● Task directions
No pictures belong in the copy, but every line of the material below must be reproduced exactly.

● Dataset excerpt
══════════
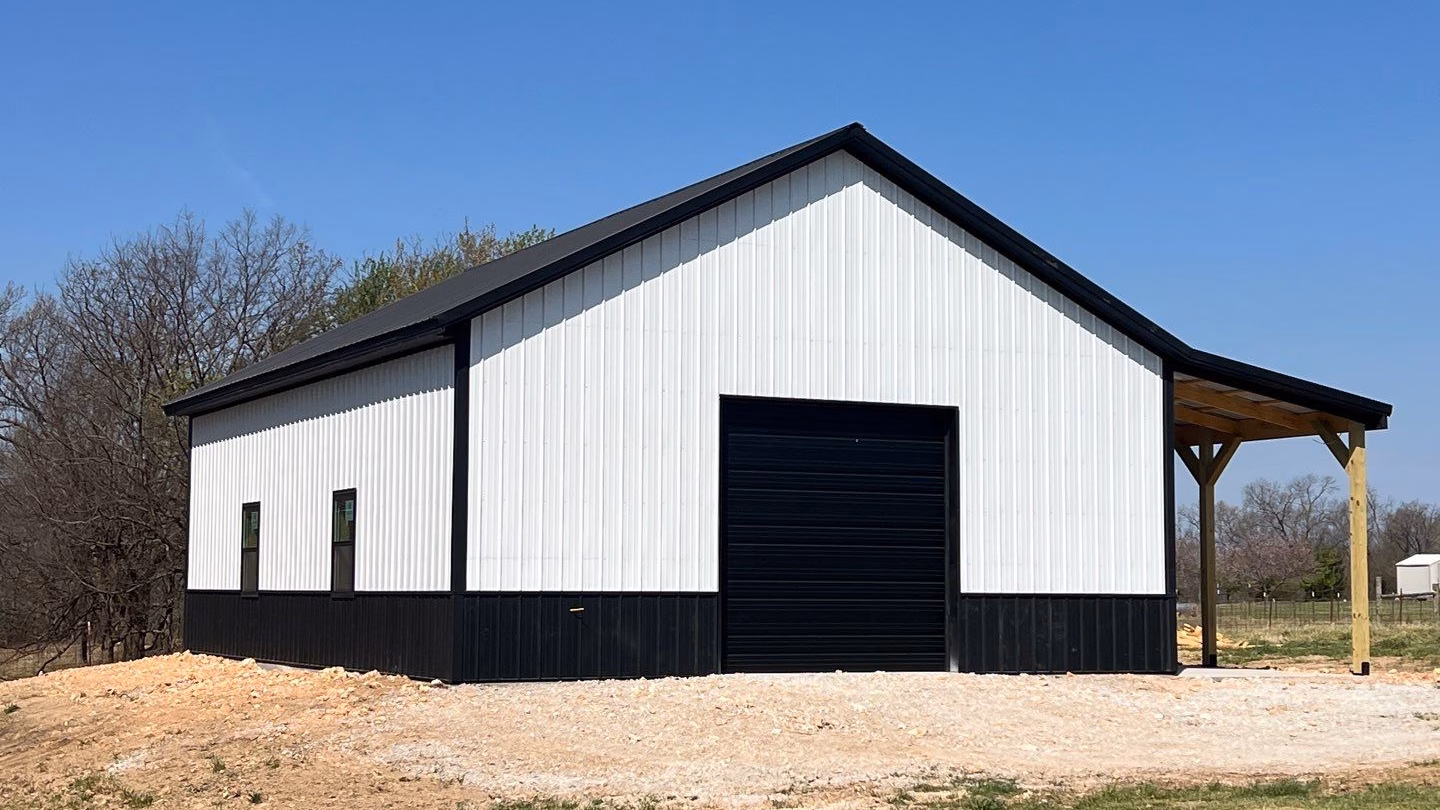 A classic black and white 30x40 detached garage in centerton, Arkansas with a 10' lean-to on the side.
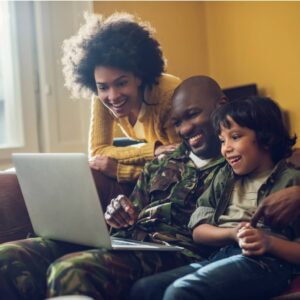 Black family with a laptop searching for military freebies.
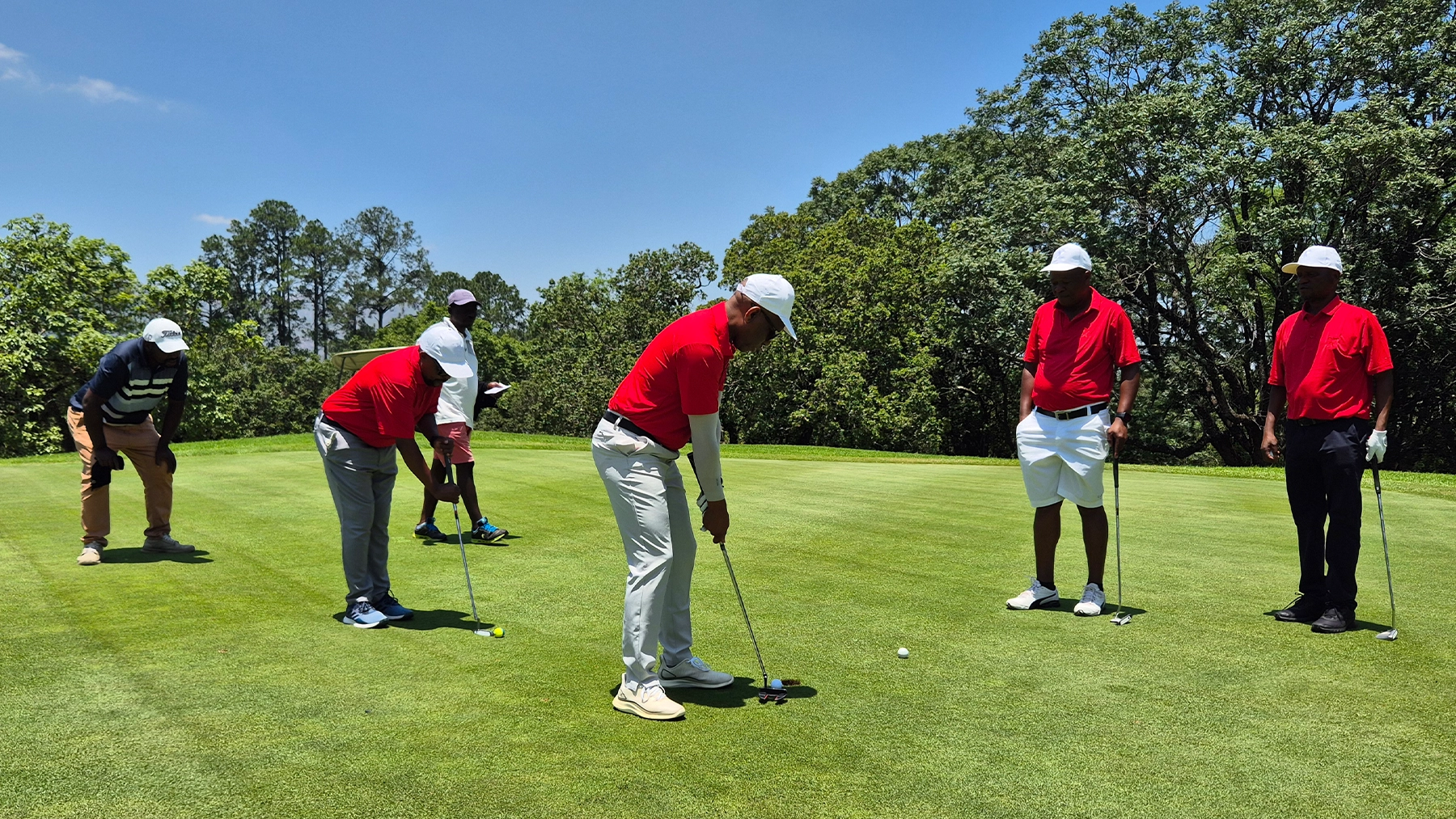 ESR Golf Day 2024 — Players putting on the green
══════════
● Response
 A classic black and white 30x40 detached garage in centerton, Arkansas with a 10' lean-to on the side.
 Black family with a laptop searching for military freebies.
 ESR Golf Day 2024 — Players putting on the green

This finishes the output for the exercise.